A glomerulonefrite pauci-imune é mais comum em adultos do que em crianças e está associada à positividade do ANCA em 80% dos pacientes. A positividade do ANCA também comumente acompanha vasculites de pequenos vasos, como granulomatose com poliangiite, poliarterite nodosa microscópica (PAN) e síndrome de Churg-Strauss.1 A GN Pauci-imunológica é um dos padrões habituais de envolvimento renal nessas síndromes vasculíticas. No entanto, a positividade do ANCA nem sempre desempenha um papel na etiologia e nem sempre é um marcador de diagnóstico preciso. Em um número limitado de casos, o ANCA é negativo e o envolvimento renal é isolado. Há alguns relatos de GN rapidamente progressiva induzida por drogas, secundária à penicilamina, propiltiouracil e hidralazina.2

Devido à natureza rara e urgente da patologia, estudos randomizados controlados não são viáveis e os relatos de caso são a principal fonte de evidências para o tratamento de crianças com GN renal isolada associada a ANCA. Aqui, relatamos um caso pediátrico que respondeu bem ao tratamento imunossupressor inicial, apesar da histopatologia relativamente grave.

RELATO DE CASO

Uma menina de 7 anos apresentou mal-estar. Ela estava anêmica com aumento do nível de creatinina. Não havia história de artrite, artralgia, infecção, uso de drogas ou sintomas sistêmicos associados. Suas histórias médicas e familiares não eram dignas de nota. Os pais não eram parentes. Ao exame físico, seu peso era de 27 kg (percentil 50) e a altura de 135 cm (percentil 50). A temperatura corporal estava em de 36° C, pulso 75/minuto, frequência respiratória 26/minuto e pressão arterial de 106/77 mmHg (<90 p).

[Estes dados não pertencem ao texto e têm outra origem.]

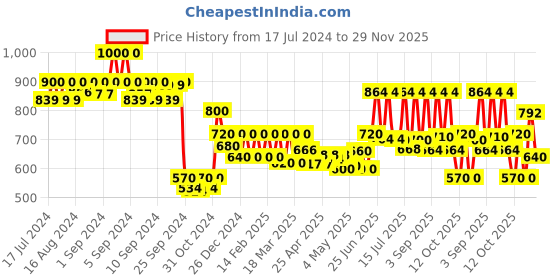 ajio.com skybags Men Typographic Print Laptop Backpack with Zip Closure skybags Price History Graph from 17 Jul 2024 to 29 Nov 2025
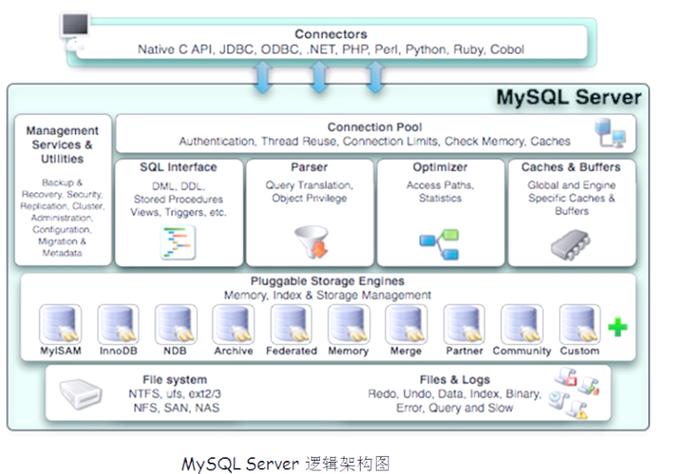 PHP如何遍历MySQL服务器上的所有数据库？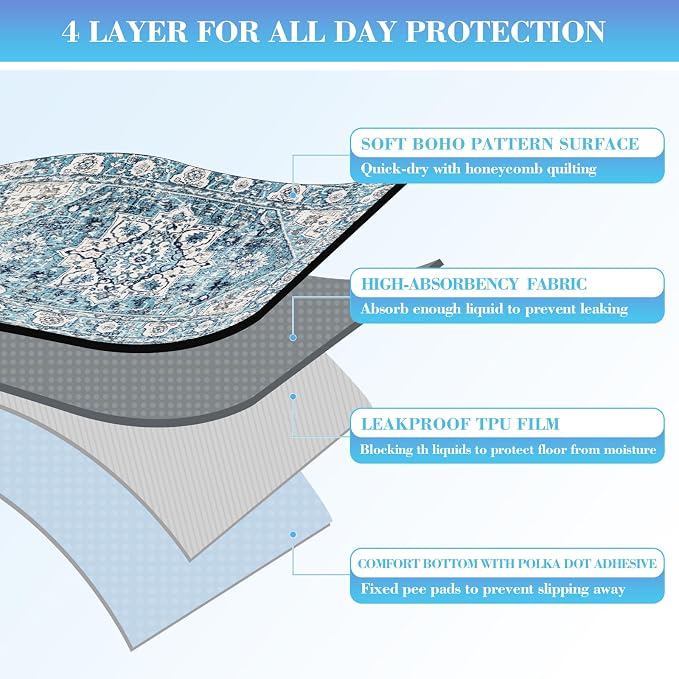 Dogcator Ocean-Blue Non-Slip Dog Washable Pee Pad Extra Large 72" x 72", Reusable Pet Training Pad for Dogs, Cats, and Puppies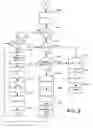 Fig. 09 - System for managing distributed cache resources on a computing grid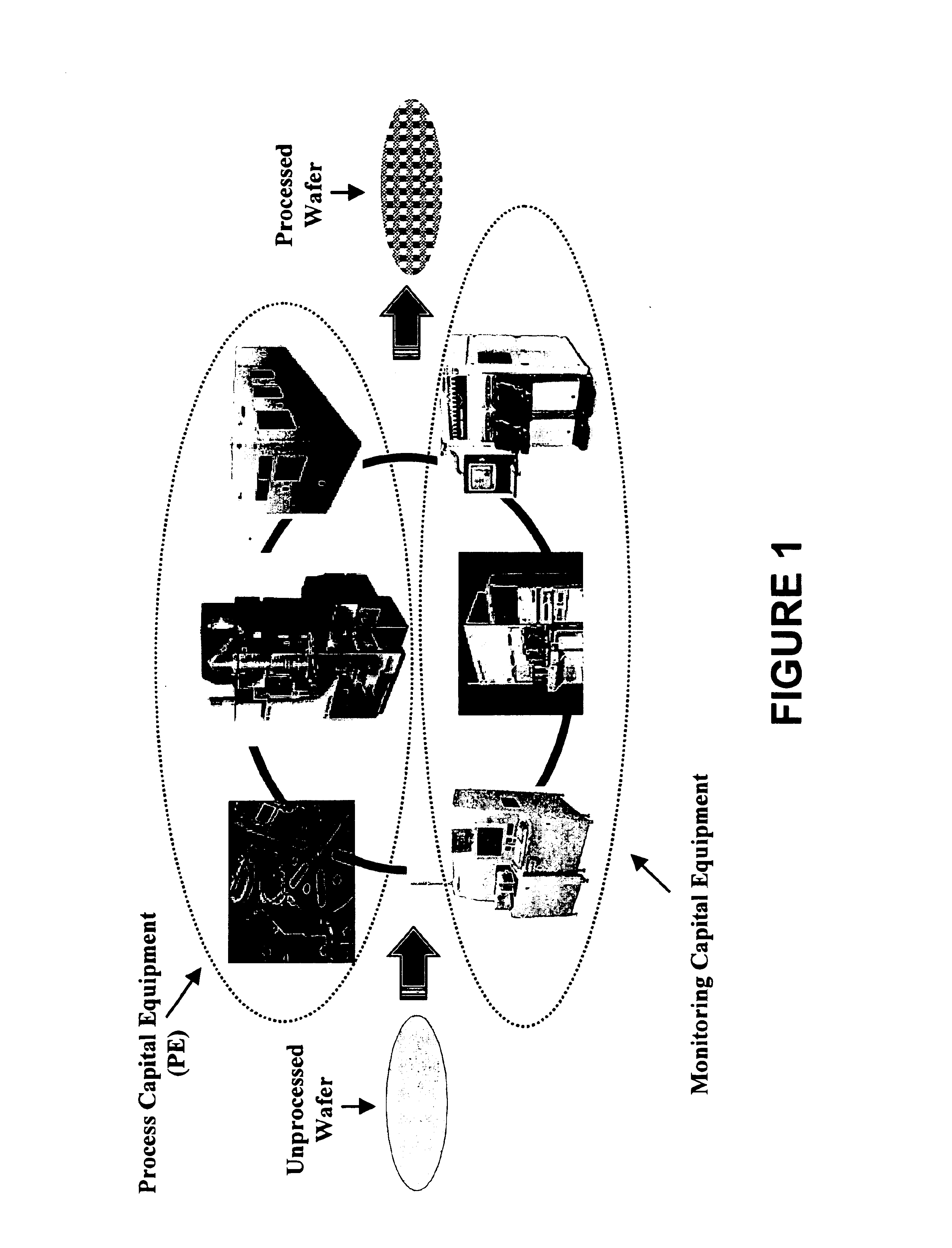 Method and apparatus for monitoring integrated circuit fabrication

Exames laboratoriais revelaram BUN: 27 mg/dL, creatinina: 1,19 mg/dL, TFG (segundo a fórmula de Schwartz): 59 mL/min/1,73m2, Na: 141 mEq/L, K: 5,5 mEq/L, ácido úrico: 5,65 mg/dL, albumina: 3,26 g/dL, colesterol: 162 mg/dL, triglicérides: 161 mg/dL e leucócitos: 7324/mm3. Esfregaço de sangue periférico mostrou dominância normocítica e normocrômica, e ausência de sinais de hemólise. A densidade do exame de urina foi 1018, pH 6, proteína 2+, sangue 3+ e abundância de eritrócitos dismórficos na avaliação microscópica.

A excreção de proteína na urina de 24 horas foi de 71 mg/m2/h. Os testes sorológicos revelaram C3: 183 mg/dL, C4: 40,8 mg/dL, ASO: 104, ANA (-), antiDNA (-), ANCA 4+, HbsAg (-), AntiHbs (+), anti-HCV (-). A ultrassonografia renal revelou espessura do rim e do parênquima de tamanho normal, com aumento da ecogenicidade bilateral do grau 1-2. Ecocardiografia e exame oftalmológico foram normais. A biópsia renal revelou GNRP pauci-imune com 12 crescentes celulares, 4 fibrocelulares e 4 globalmente escleróticos (20/25; 80%) de 25 glomérulos. Atrofia tubular e inflamação intersticial com infiltração predominantemente linfocitária foram observadas. Vasos e áreas perivasculares estavam normais (Figura 1). A microscopia de imunofluorescência não mostrou depósito imunológico significativo. Quanto ao tratamento, a paciente recebeu três pulsos de metilprednisolona (30 mg/kg) e ciclofosfamida (CYC) 2 mg/kg/dia por 3 meses com prednisona oral 1 mg/kg/dia. No mês seguinte, a remissão foi alcançada com creatinina sérica normal, e foi de 0,65 mg/dL no 3º mês de seguimento (Figura 2). O título sérico de p-ANCA diminuiu de 4+ para 1+. Então, a prednisona oral foi reduzida para 10 mg/dia. No seguimento clínico, a paciente continua em remissão.

Figura 1 Crescente celular com coloração de hematoxilina e eosina (x400). 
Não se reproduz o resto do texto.